Your goal: Copy task, pictures excluded: set down exactly the lines from the one containing "this 450×320 image." to the end of the data below.

Records from a dataset
*-*-*

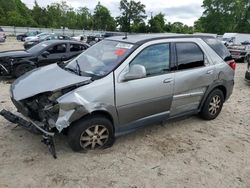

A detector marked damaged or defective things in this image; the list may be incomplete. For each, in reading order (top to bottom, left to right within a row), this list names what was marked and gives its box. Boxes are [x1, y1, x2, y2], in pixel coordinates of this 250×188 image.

crumpled hood [11, 63, 91, 101]
deployed crumpled fender [55, 73, 117, 132]
damaged buick rendezvous [0, 33, 235, 157]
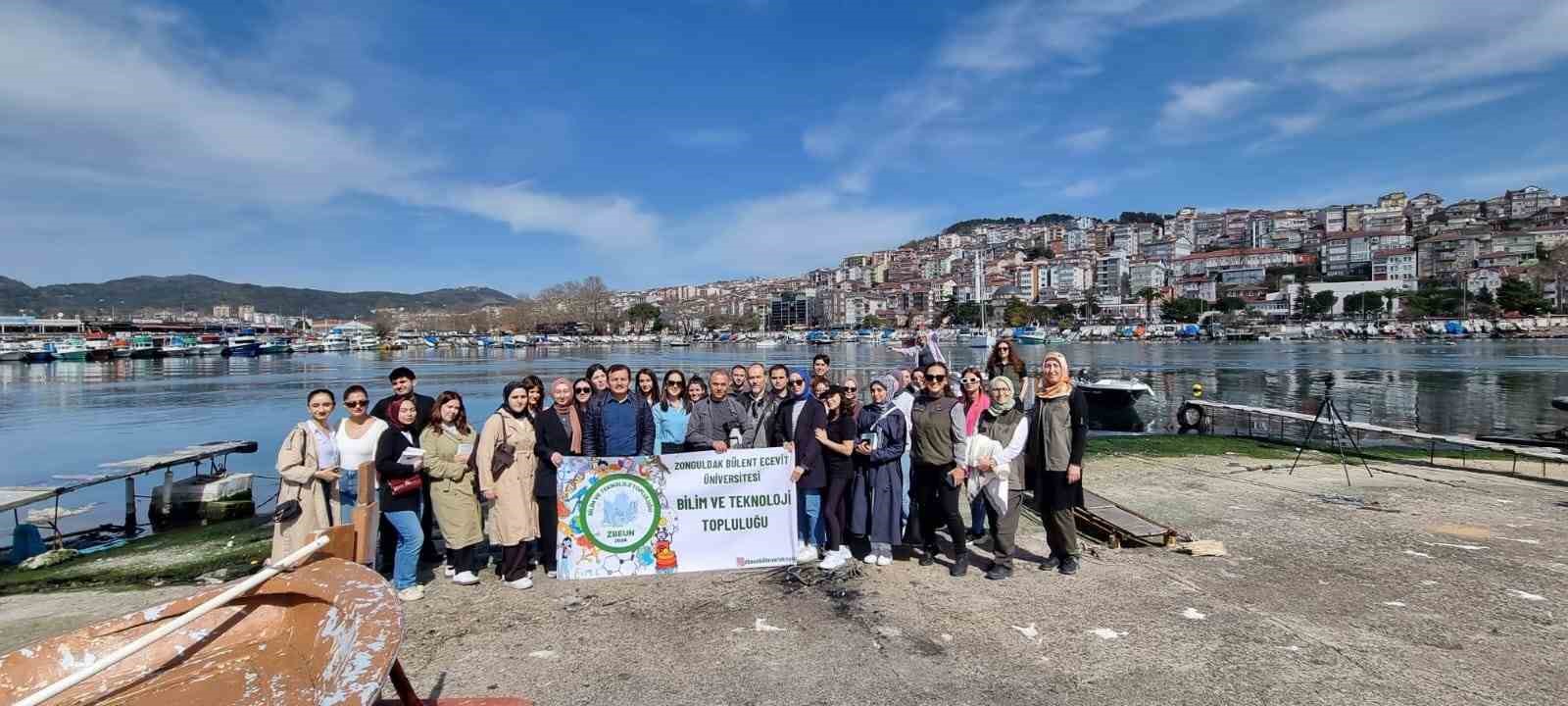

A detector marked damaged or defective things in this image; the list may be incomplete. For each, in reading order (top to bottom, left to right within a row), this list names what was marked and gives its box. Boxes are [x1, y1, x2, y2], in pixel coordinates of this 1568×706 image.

rust-painted surface [0, 557, 398, 706]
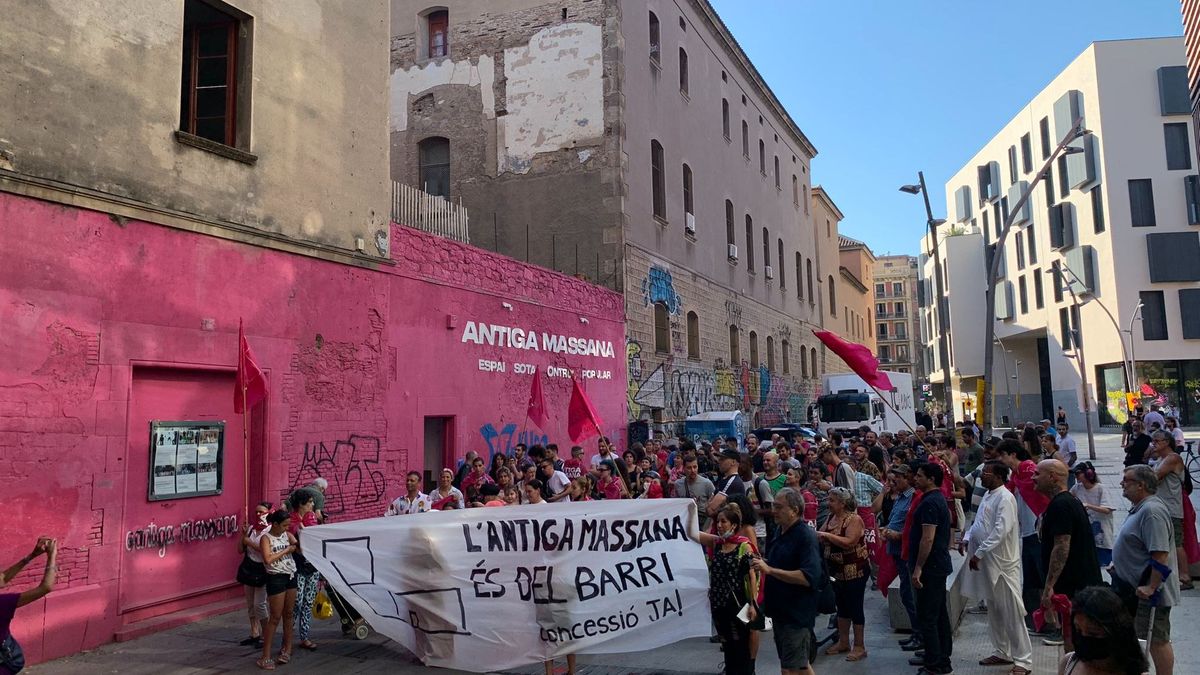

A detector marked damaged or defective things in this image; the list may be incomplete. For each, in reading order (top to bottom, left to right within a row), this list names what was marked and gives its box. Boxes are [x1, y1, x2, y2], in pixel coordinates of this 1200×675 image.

peeling plaster [388, 54, 492, 132]
peeling plaster [499, 23, 604, 174]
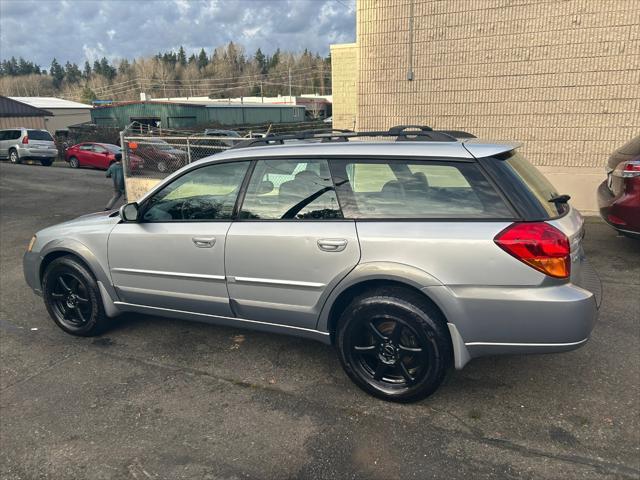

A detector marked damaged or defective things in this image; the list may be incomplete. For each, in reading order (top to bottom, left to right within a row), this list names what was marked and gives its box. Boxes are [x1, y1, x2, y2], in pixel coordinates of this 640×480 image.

cracked pavement [0, 163, 636, 478]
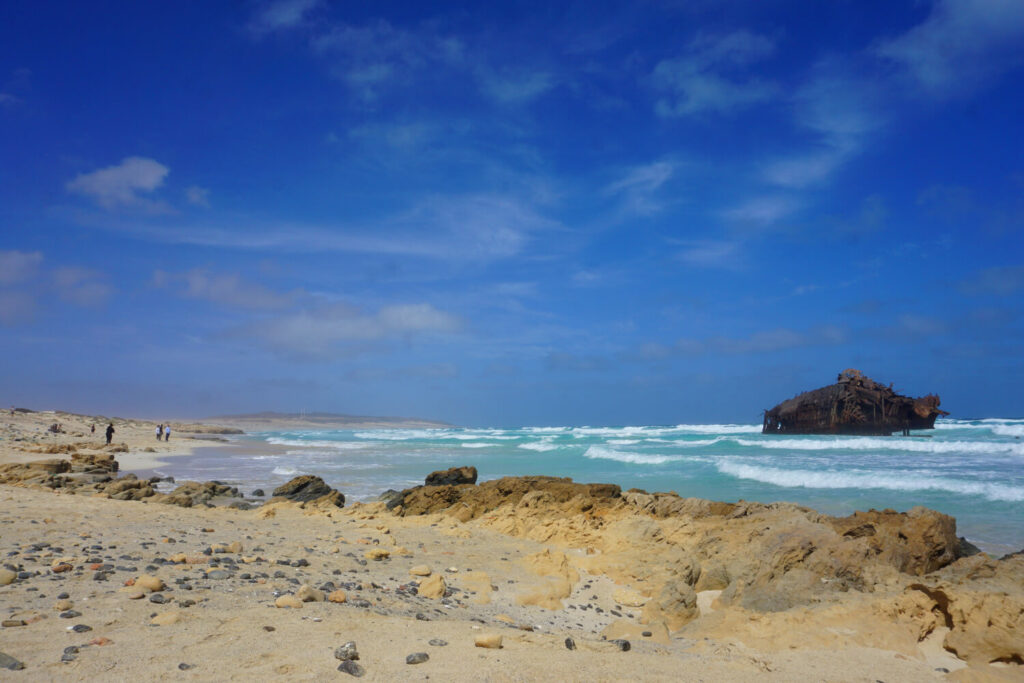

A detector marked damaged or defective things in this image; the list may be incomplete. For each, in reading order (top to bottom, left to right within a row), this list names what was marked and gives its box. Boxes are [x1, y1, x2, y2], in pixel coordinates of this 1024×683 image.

rusty shipwreck [764, 372, 948, 436]
rusted metal hull [764, 372, 948, 436]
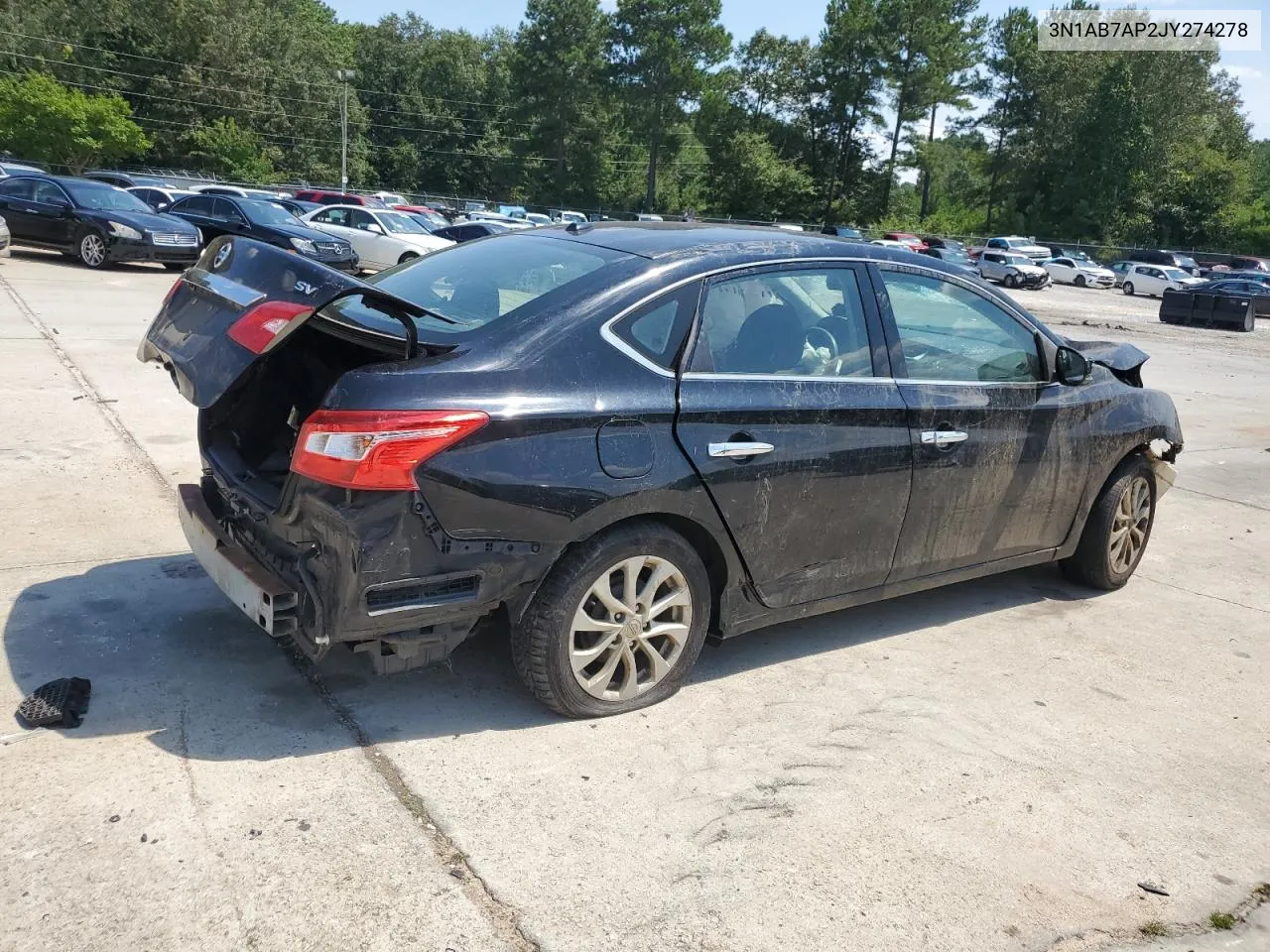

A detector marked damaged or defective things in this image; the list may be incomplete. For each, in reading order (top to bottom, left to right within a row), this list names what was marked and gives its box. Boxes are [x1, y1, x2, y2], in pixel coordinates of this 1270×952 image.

damaged black sedan [139, 225, 1183, 714]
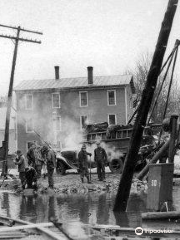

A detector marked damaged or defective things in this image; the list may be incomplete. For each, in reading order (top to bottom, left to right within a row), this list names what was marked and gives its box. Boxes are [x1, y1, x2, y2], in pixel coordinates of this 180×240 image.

damaged structure [14, 66, 135, 152]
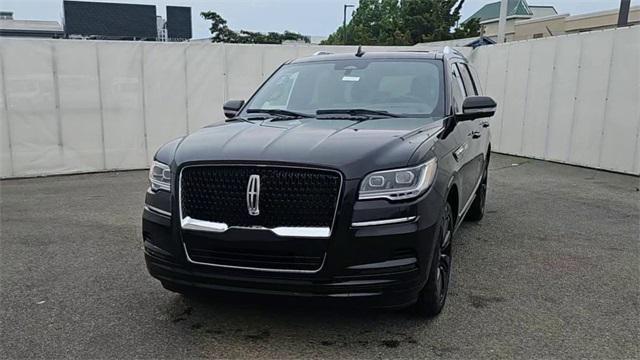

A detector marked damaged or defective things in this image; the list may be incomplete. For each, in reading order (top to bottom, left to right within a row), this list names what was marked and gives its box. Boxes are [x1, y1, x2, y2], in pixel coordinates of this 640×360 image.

cracked asphalt [0, 153, 636, 358]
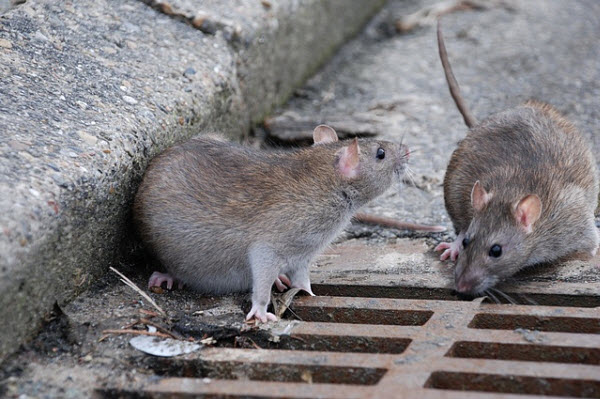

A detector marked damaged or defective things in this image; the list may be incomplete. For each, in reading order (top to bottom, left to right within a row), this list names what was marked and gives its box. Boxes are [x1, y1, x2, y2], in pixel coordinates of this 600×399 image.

rusty metal grate [101, 286, 600, 398]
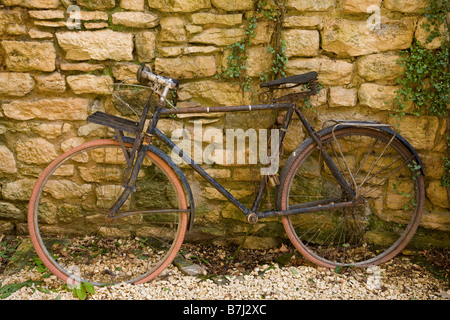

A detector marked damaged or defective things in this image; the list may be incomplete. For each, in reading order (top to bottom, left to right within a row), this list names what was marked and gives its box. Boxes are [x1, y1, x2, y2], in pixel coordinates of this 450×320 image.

rusty old bicycle [26, 64, 424, 284]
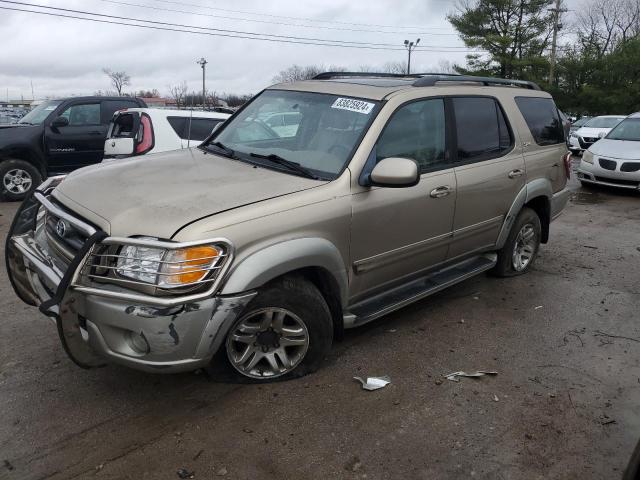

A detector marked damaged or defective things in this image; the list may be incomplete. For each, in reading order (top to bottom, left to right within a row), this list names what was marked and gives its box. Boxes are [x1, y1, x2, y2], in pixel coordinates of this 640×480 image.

damaged front bumper [6, 179, 255, 372]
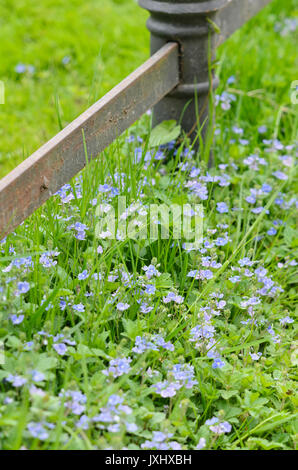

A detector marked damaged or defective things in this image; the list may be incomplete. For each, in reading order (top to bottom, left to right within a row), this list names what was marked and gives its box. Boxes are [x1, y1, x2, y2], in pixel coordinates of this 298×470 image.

rust on metal [0, 42, 179, 237]
rusty metal rail [0, 0, 272, 239]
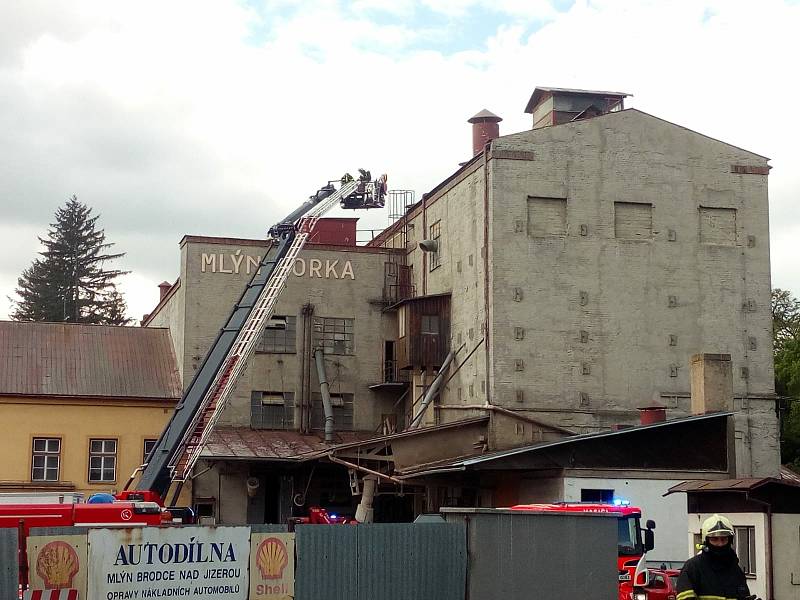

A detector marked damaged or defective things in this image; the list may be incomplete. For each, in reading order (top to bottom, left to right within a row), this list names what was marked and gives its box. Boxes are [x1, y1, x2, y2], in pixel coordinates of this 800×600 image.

rusty metal roof [0, 322, 181, 400]
rusty metal roof [200, 426, 376, 460]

*-*-*

Answer to the exercise:
A detector marked damaged or defective things in this image; the list may be incomplete. For each, in reading order (top to bottom, left to right within a row), this list names what was marked and gives its box. Boxes are [x1, y1, x2, y2], in pixel coordinates of this 450×320 image.

rusty old bicycle [26, 64, 424, 284]

A detector marked damaged or defective things in this image; the list may be incomplete. For each, in reading order (top to bottom, left to right within a row), this list names what was marked and gives its box. Boxes are [x1, y1, x2, y2], in pixel coordinates of this 640×480 image.

damaged front bumper [6, 179, 255, 372]

A detector marked damaged or defective things in this image; the list may be incomplete. For each, in reading order (top to bottom, left to right within a row), this list names what was marked and gives its box. Boxes are [x1, y1, x2, y2], in pixel coordinates of this 298×470 image.

rust on metal [0, 42, 179, 237]
rusty metal rail [0, 0, 272, 239]

A detector marked damaged or defective things in this image; the list may be incomplete. For each, in reading order (top to bottom, left to right within a row), this list names what was marked and gives its box. Boxes are [x1, y1, x2, y2], in pixel coordinates of this 800×600 image.

rusty metal roof [0, 322, 181, 400]
rusty metal roof [200, 426, 376, 460]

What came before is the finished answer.